Question

Which of the following equations does not have a solution in integers?

Options

• x + 1 = 1

• x – 1 = 3

• 2x + 1 = 6

• 1 – x = 5

Answer 1

2x + 1 = 6

Explanation:

(A) x + 1 = 1

⇒ x + 1 – 1 = 1 – 1 ...[Subtracting 1 from both sides]

⇒ x = 0, which is an integer.

(B) x – 1 = 3

⇒ x – 1 + 1 = 3 + 1 ...[Adding 1 to both sides] 
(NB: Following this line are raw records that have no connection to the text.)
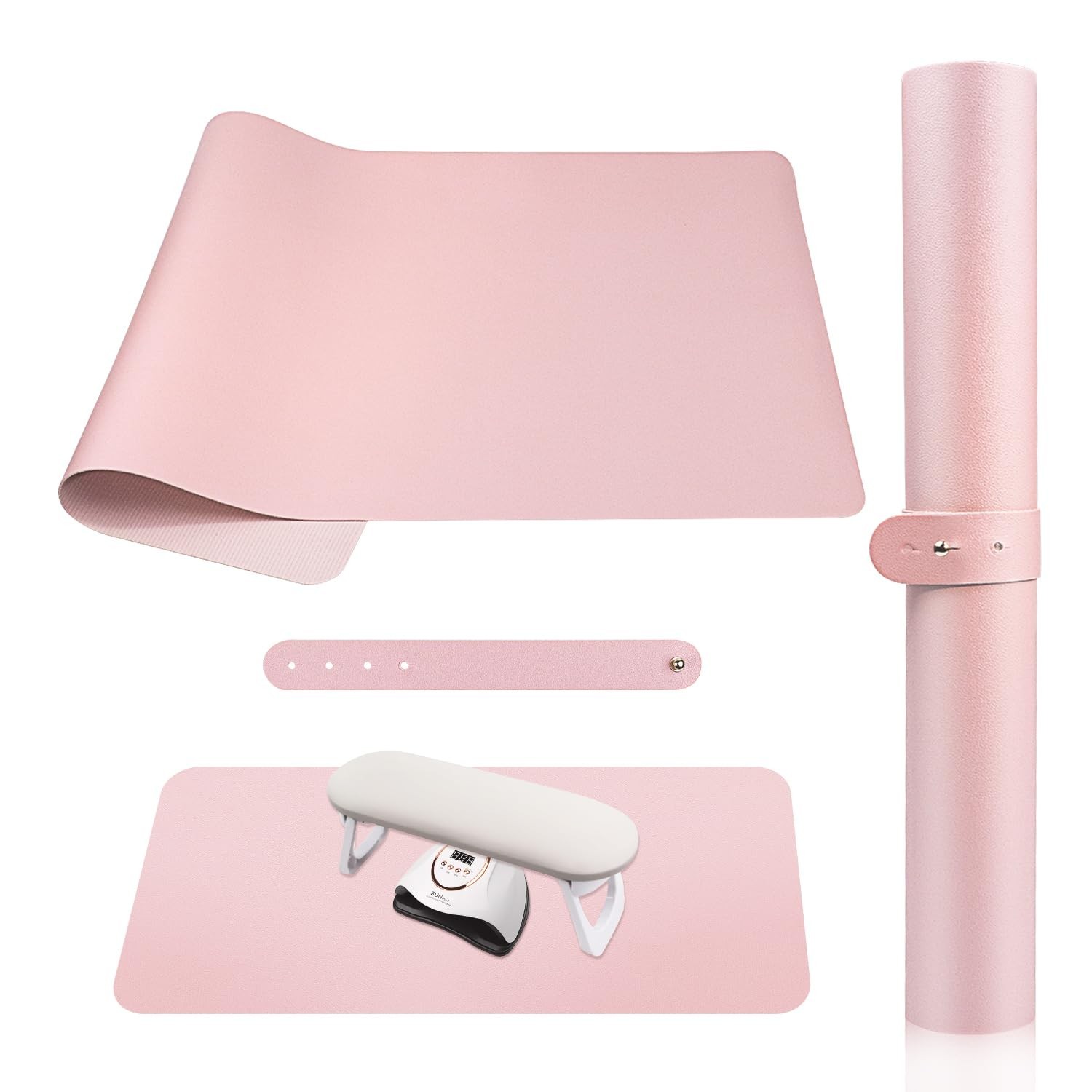 Subay Nail Art Table Mat, (MAT ONLY) Soft Microfiber PU Leather Nail Hand Res…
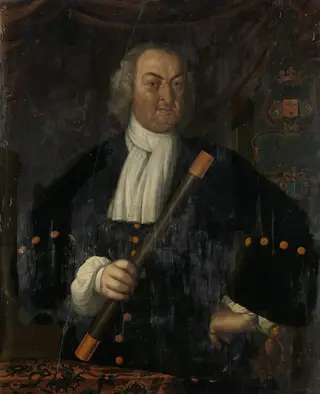Portrait of Hendrik Swaardecroon (Hendrick Zwaardecroon), Governor General of the Dutch East Indies, by Hendrik van den Bosch, oil, 1723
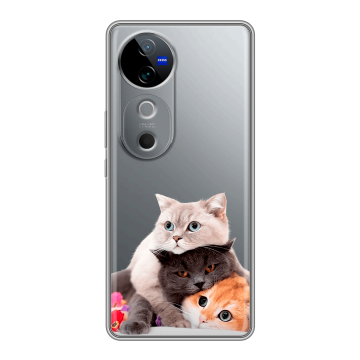 Силиконовый чехол на Vivo V40 5G с принтом Кошки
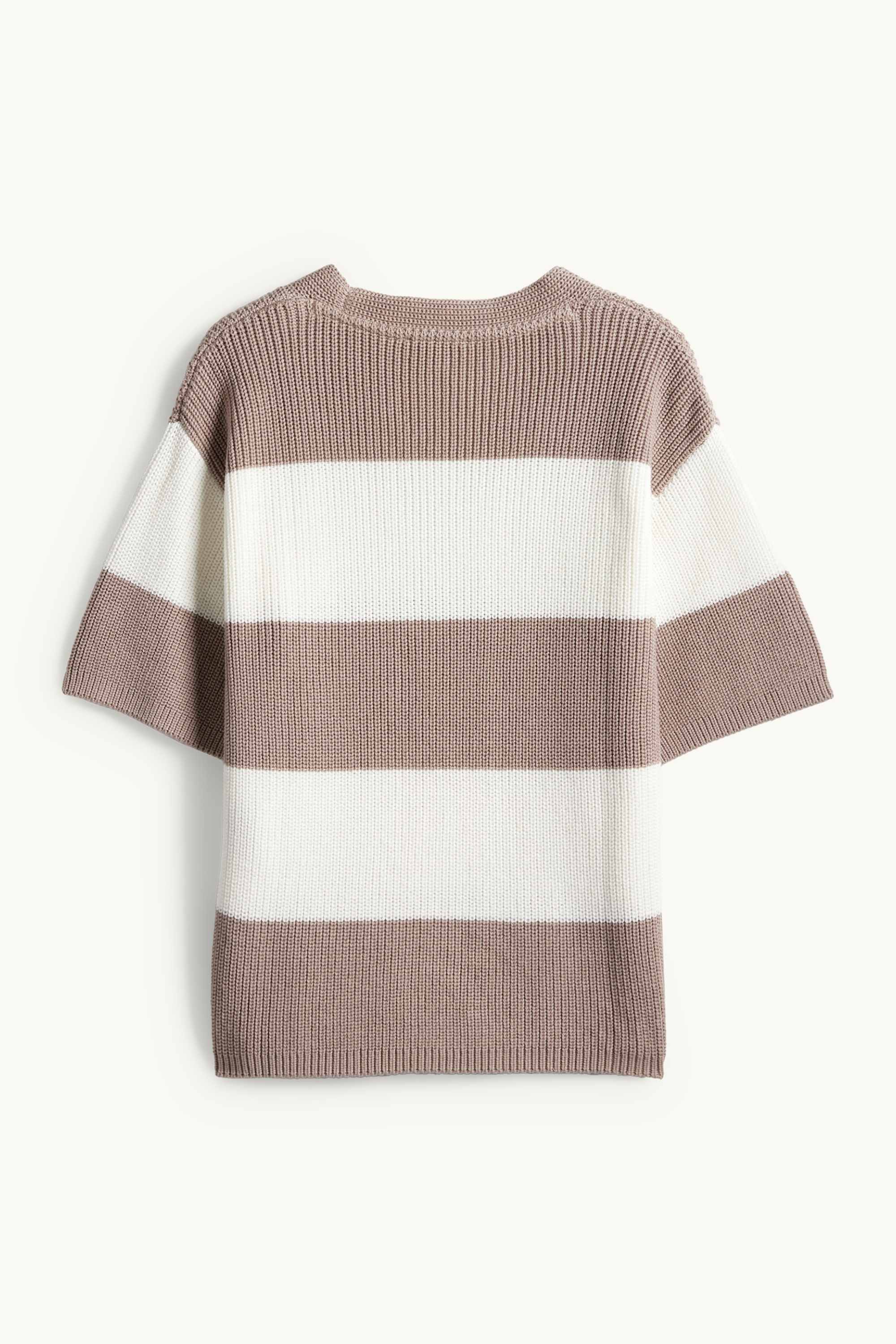 Knitted jumper - short sleeve - ribbed - striped white / beige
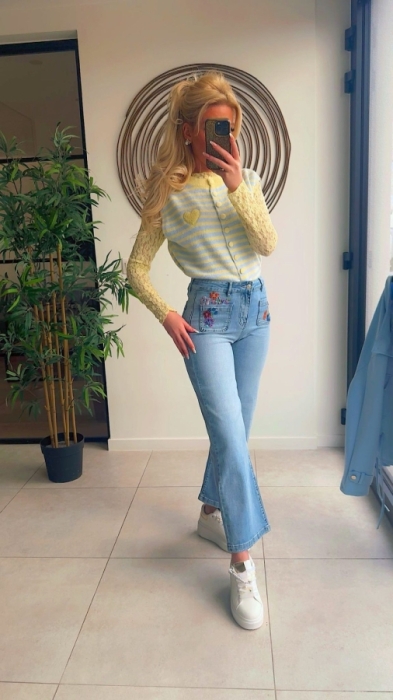 Broek jeans bloemen broderie 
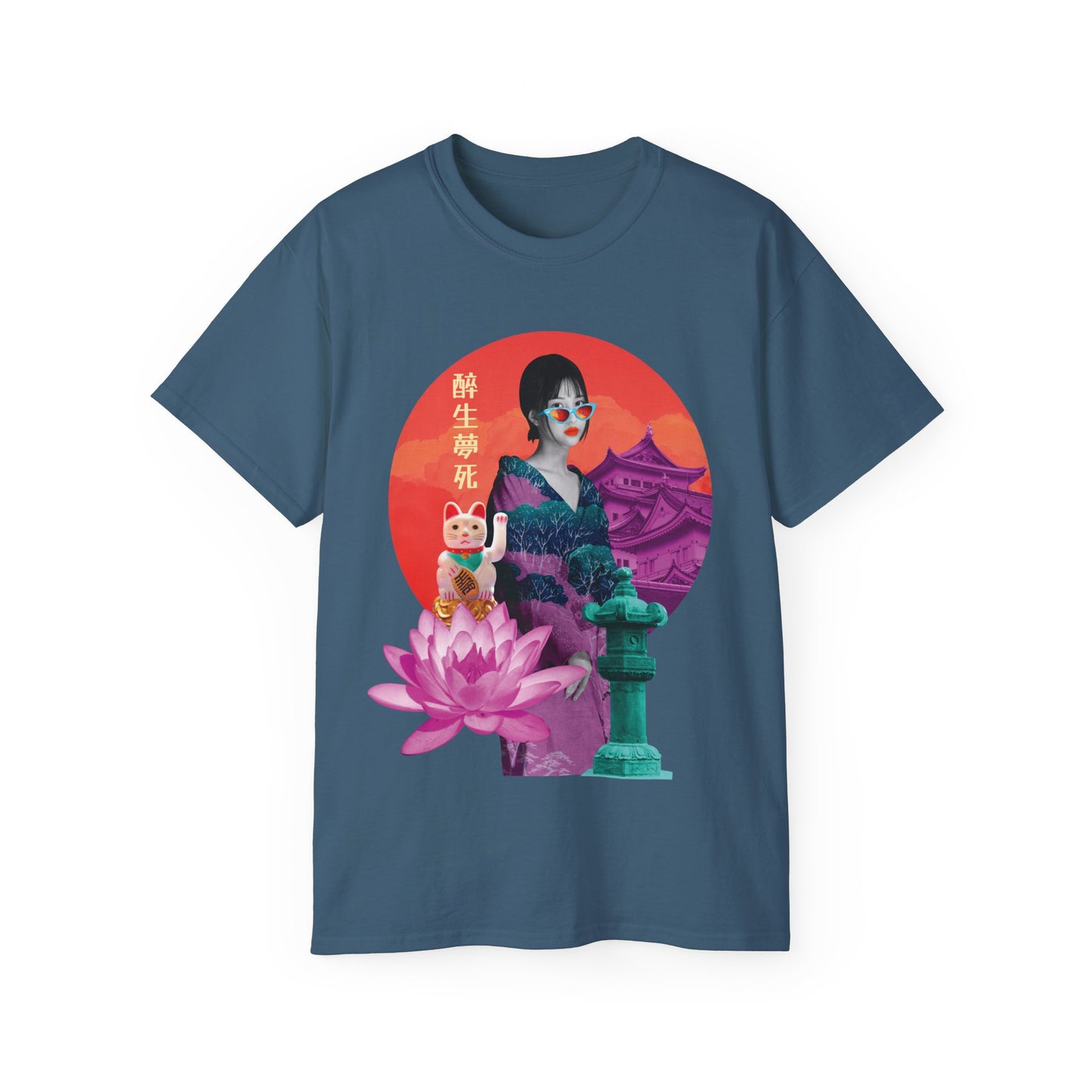 Mens Japanese Temple Collage Tee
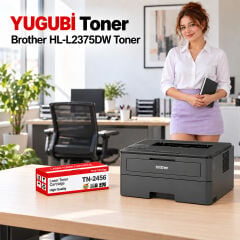 Brother HL-L2375DW Muadil Toner 3K, TN-2456 kırmızı-beyaz toner kutusu ve Brother yazıcılı ofis sahnesi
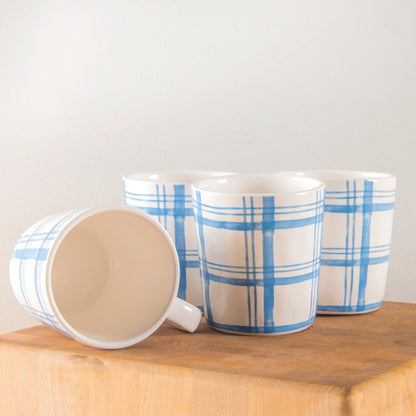 Pier 1 Country Blue Plaid Set of 4 Mugs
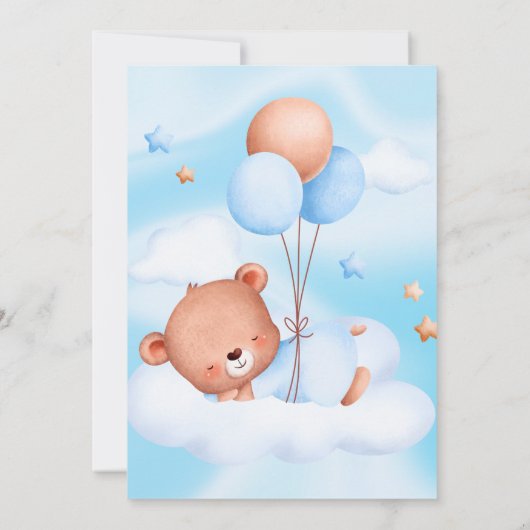 我々は心から待つことができるブルーベージュボーイベイビーシャワー 招待状 (裏面)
⇒ x = 4, which is an integer.

(C) 2x + 1 = 6

⇒ 2x + 1 – 1 = 6 – 1 ...[Subtracting 1 from both sides]

⇒ 2x = 5   

⇒ `(2x)/2 = 5/2`  ...[Dividing both sides by 2]

⇒ `x = 5/2`, which is not an integer.

(D) 1 – x = 5

⇒ 1 – x – 1 = 5 – 1  ...[Subtracting 1 from both sides]

⇒ –x = 4

⇒ –(–x) = –4  ...[Multiplying both sides by (–1)]

⇒ x = –4, which is an integer.

Thus, the above conditions show that equation 2x + 1 = 6 does not have a solution in integers.